A sociedade civil organizada deve participar do órgão regulador, na forma de um conselho. O órgão executivo pode operar diretamente ou terceirizar os serviços, desde que tenha condições de mantê-los funcionando dentro dos parâmetros definidos pelo ente regulador. As agências reguladoras, comitês de bacias hidrográficas, associações de irrigantes, consórcios e conselhos gestores de recursos hídricos são novas formas de organização que consagram a noção de parceria e de organização pública não-estatal.

Há soluções próprias para grandes, médias e pequenas cidades. Não há fórmula única.
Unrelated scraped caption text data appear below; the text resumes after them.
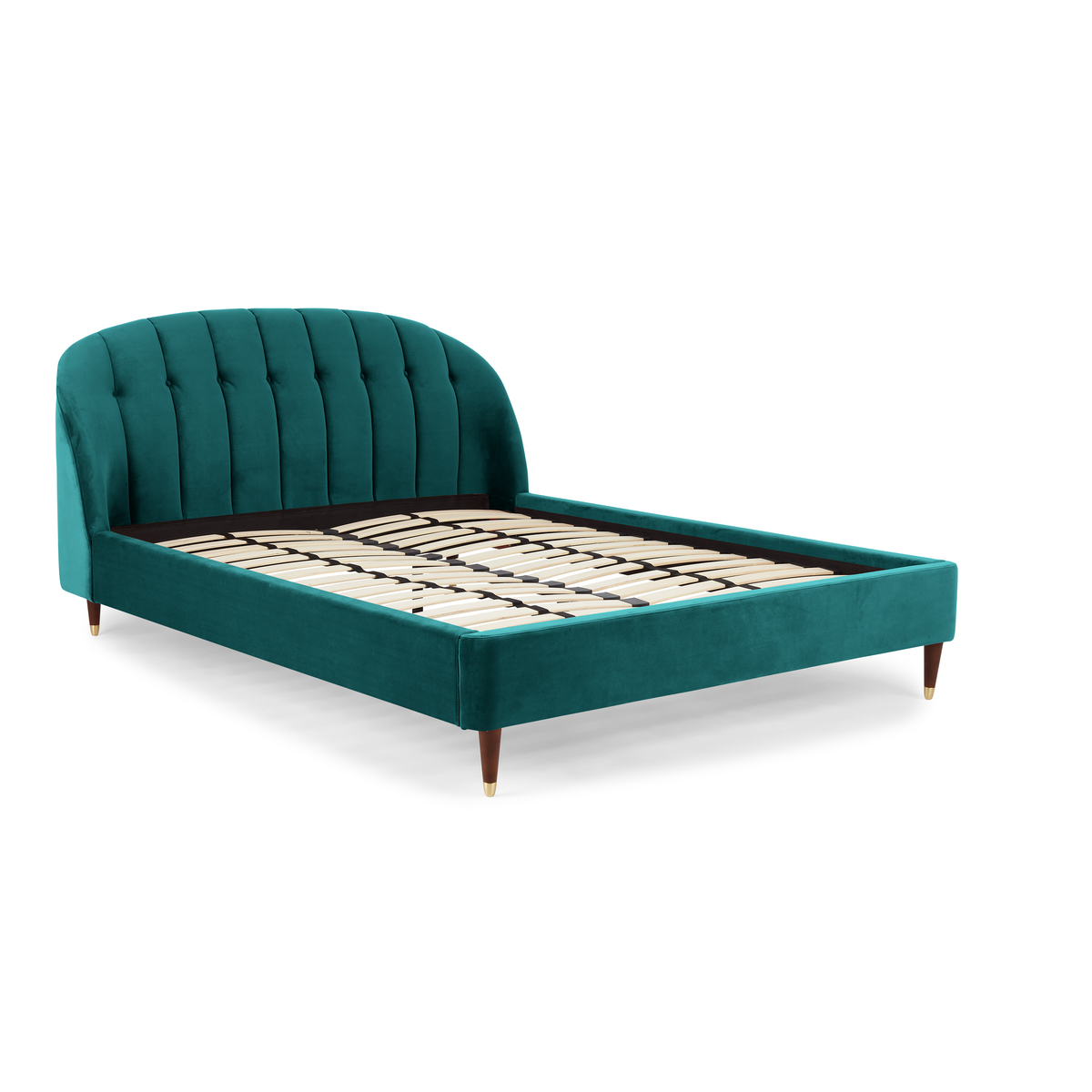 Margot King Size Bed, Seafoam Blue Velvet & Dark Stain Brass Legs – image 8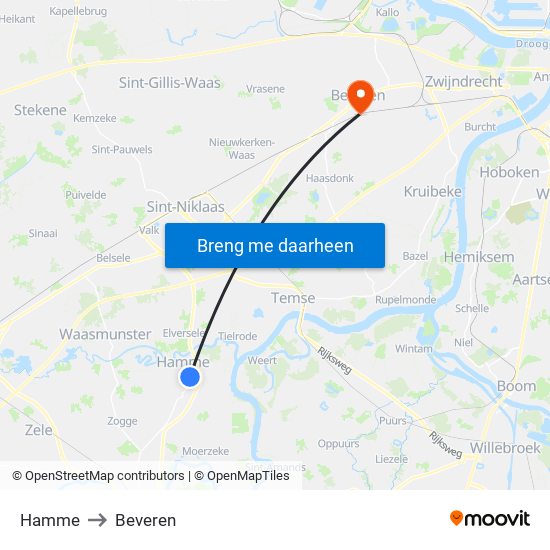 Hamme to Beveren map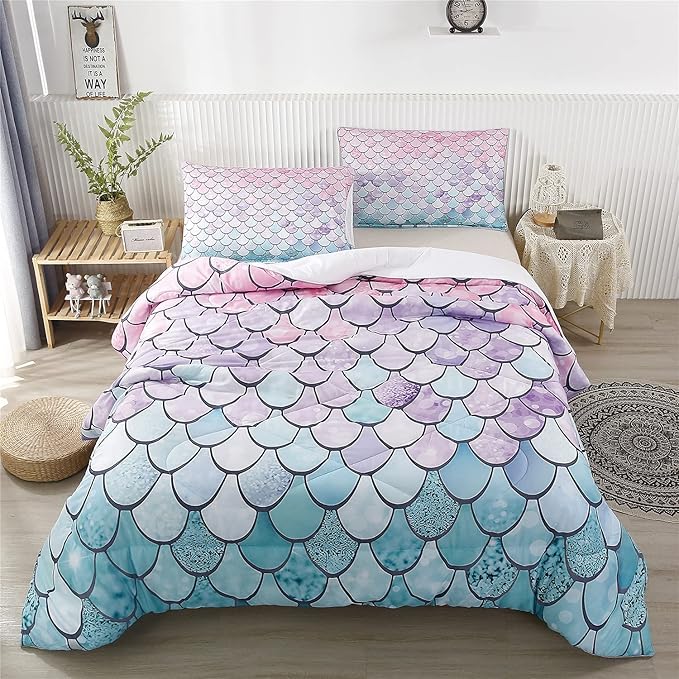 RYNGHIPY 3Pcs Colorful Mermaid Scale Print Comforter Bedding Set Full Size, Soft Microfiber Coverlet Set/Bedspread/Quilt Set with Colorful Scale Design (Mermaid,Full)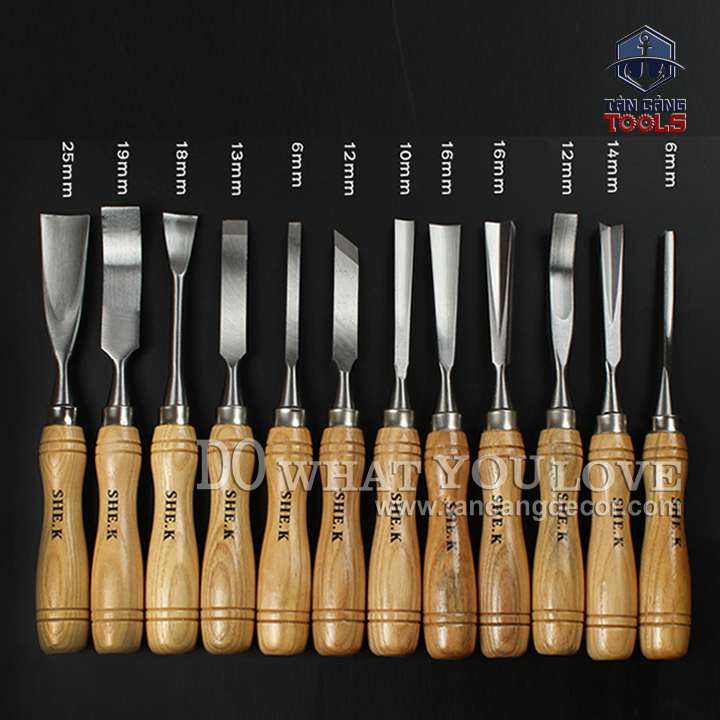 Bộ 12 Dao Tiện, Khắc Gỗ Hợp Kim SHEK - Ảnh 6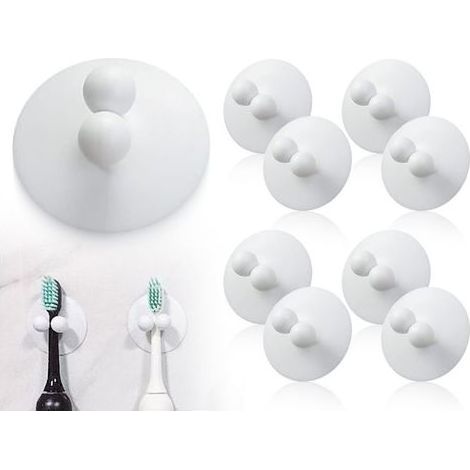 Ciel-Lot de 8 Porte-brosses à Dents,Porte-Brosse à Dents étanche,Ventouse,Porte-Brosse à Dents électrique,Porte-Rasoir,Crochet pour Brosse à Dents,Support de Prise, sans Perforation(Blanc) (1/5)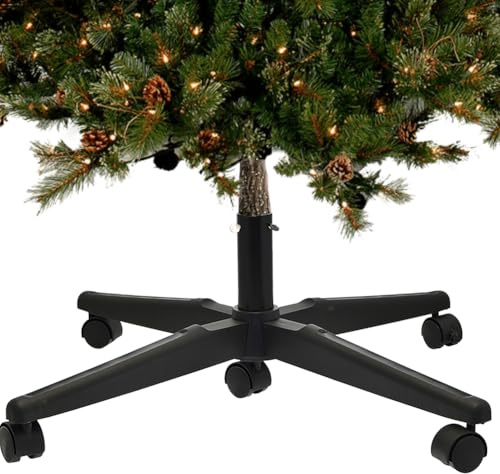 BAKAJI Base Albero di Natale in Plastica con Ruote, Supporto Versatile Regolabile Nero con Rotelle Piroettanti con Blocco e Attacco Universale, Resistente ed Ergonomico 69 x 22 x 50 cm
O objetivo, no entanto, deve ser claro: assegurar o acesso dos indivíduos à água limpa, esgotamento e tratamento de efluentes, tarifa social e ambientalmente justa, a sustentabilidade futura do abastecimento, combatendo o desperdício, protegendo os mananciais e evitando a contaminação do lençol freático.

Vários municípios situados nas margens de um rio devem buscar estabelecer ações coordenadas de despoluição hídrica, com tratamento de efluentes domésticos e industriais, de reflorestamento da matas ciliares, proteção de mananciais etc.

A descentralização obriga que a administração das empresas, incluindo desde unidades produtivas familiares, patronais e capitalistas se preocupe com os impactos que seus produtos, serviços, operações e processos de produção têm sobre os recursos hídricos, tanto no curto quanto no longo prazo.

Ao introduzir um sistema de gerenciamento de recursos hídricos (SGRH), as unidades produtivas exercem uma espécie de responsabilidade ambiental, devendo ser capazes de manter sua competitividade, prevê e enfrentar os desafios que preocupa a todos quanto ao suprimento de água em quantidade e qualidade no tempo e local necessários.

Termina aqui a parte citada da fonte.